Senior 17ers run-ruled in KSU Showcase opener

By Grant Guggisberg

great start for the American Legion Manhattan Manko senior 17ers at the Kansas State Showcase turned ugly Friday afternoon in a 14-4 run-rule loss to the Mac-N-Seitz Royals.

The 17ers took a 3-1 lead after the first inning and led 4-2 in the top of the fourth before finding trouble against the Royals, allowing 12 runs on 12 hits in the next three innings while their bats went cold.

“We came out great offensively, we were doing everything,” Manhattan head coach Steve Disbrow said. “Two-strike hitting, drawing walks, hitting behind guys, stealing a bag, hitting them in. That’s a great way to start. But then that was about as poorly as we can play defensively.

“To start off like that and we walk a few hitters and then all of the sudden balls in the air aren’t being caught, and we’re throwing balls away. All of the sudden they creeped back into the game without having to earn a whole lot. So that was frustrating from that perspective. But we’ll get back after it and see how we can get better.”

Offensively, the 17ers, had just seven hits in the game, three of which came in the three-run first inning, with Ian Hart leading off the game with a single, Jake Olson drawing a walk and AJ Epperson providing a two-RBI single. Luke Stegeman scored Epperson on a sac fly to left.

From there, the bats went cold for Manhattan, which scored a single run in the fourth inning with Stegeman hitting a single and eventually getting to third, where he was caught in a pick-off attempt but scored when the third baseman hit him in the back with the throw to the plate.

Defensively, Manhattan was plagued by five errors in the game, which made the work of pitchers Jeremy Broadwater, Epperson and Eric Prockish that much tougher.

Broadwater got the start and held the lead for three innings before giving way to Epperson in the bottom of the fourth after allowing a single and a walk to start the inning.

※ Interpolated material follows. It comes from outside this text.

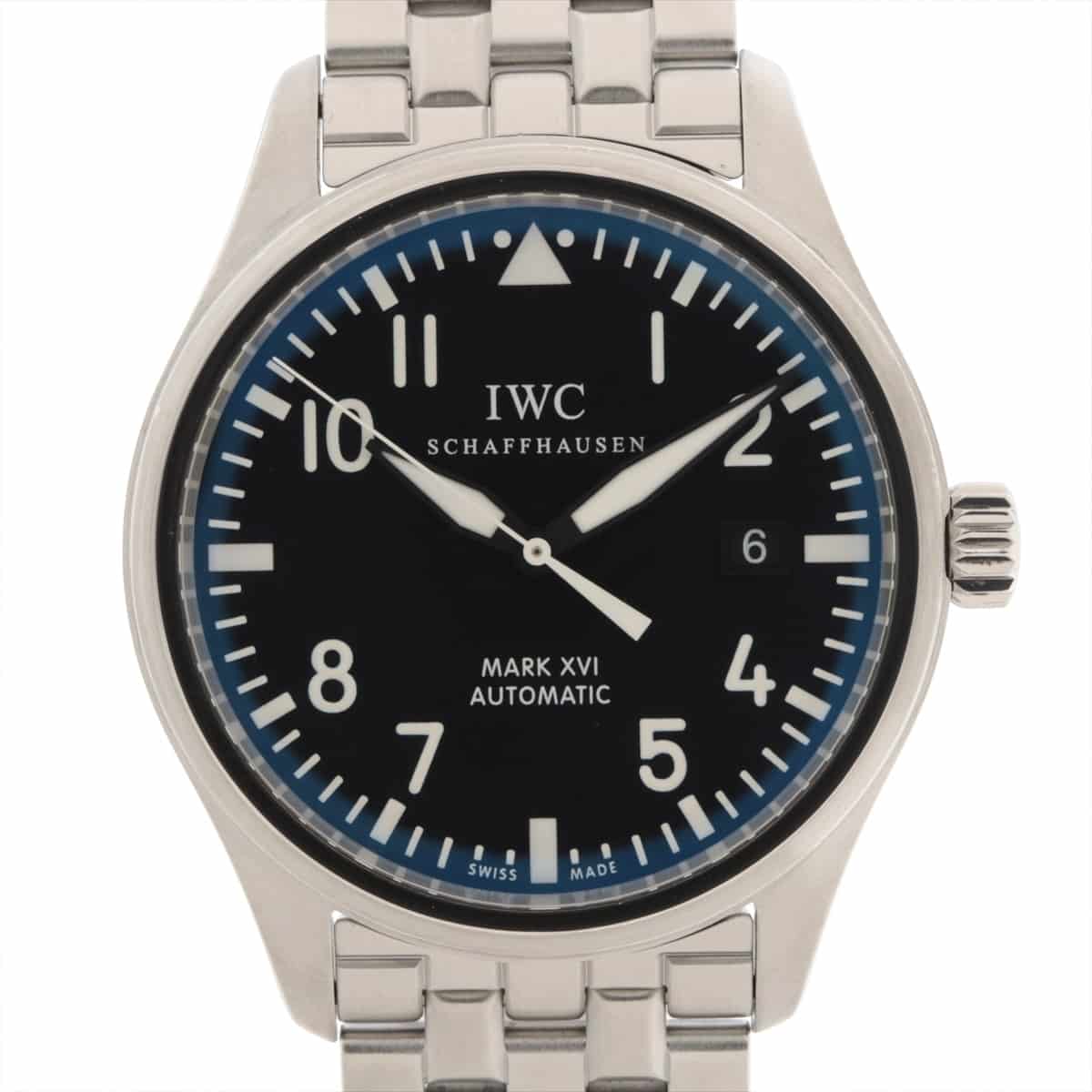 IWC Mark 16 IW325504 SS AT Black-Face Extra Link 1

Epperson, who hadn’t pitched in more than two years, held his own, but was slowed down by the 17ers defense, which missed a fly ball in left field to score an inherited runner, with a passed ball scoring the other. He allowed an RBI single, a walk and hit a batter before Disbrow called upon Prockish, who got a fly out to right to end the inning, trailing the Royals 5-4.

“AJ did fine, and we know we have to develop some pitching depth,” Disbrow said. “It hurts not having two arms this weekend — Garrett (Francis) and Grant (Munsen) are both significant relief guys for us. But I have a lot of confidence in AJ. He’s been throwing great bullpens and I thought he threw well today.

“He just had a couple of breaks behind him that didn’t go our way. He deserved a little better than the result that he got, but he’ll be fine. He’ll get back out there and I’m sure he’ll be good.”

After going 1-2-3 in the top of the fifth, the 17ers once again struggled to make outs while the Royals picked up where they left off, batting around in the frame and scoring five runs on six hits with the aid of an error and a walk.

After another quick 1-2-3 inning in the top of the sixth, the Royals continued to hit Prockish hard, scoring four runs on four hits, with a passed ball putting two runners in scoring position for Dylan Richardson, who smacked a single to left-center to end the game.

“They had a lot of balls that just fell in front of our guys,” Disbrow said. “Eric’s finding the zone, and it would be nice to get a few swings and misses there, but he was challenging guys and attacking. He just had a few fall in, which was unfortunate. But we didn’t help him out. We left some outs on the field by not making some plays behind him.”

While Francis serves as a top reliever for the 17ers, he also starts at shortstop, which was instead manned by Hart, the regular second baseman. The switch put Darien Stokes, whose natural position is outfield, in at second, with Isaac Leon manning third.

While the infield had its struggles turning double plays and making quality throws, Disbrow said that’s no excuse for a team-wide struggle to catch fly balls.

“All of our mistakes were on balls in the air,” he said. “To me, it doesn’t matter who you are out there, everybody can catch a ball in the air. So that was disappointing to see, but then, we usually catch balls in the air. We just stubbed our toe a little bit.

“Not having your shortstop hurts, but I have a lot of confidence in Ian. He hasn’t played a lot there, but he’s a solid infielder and he’s a really smart player and he’ll be good for us. He did a nice job for us there today.”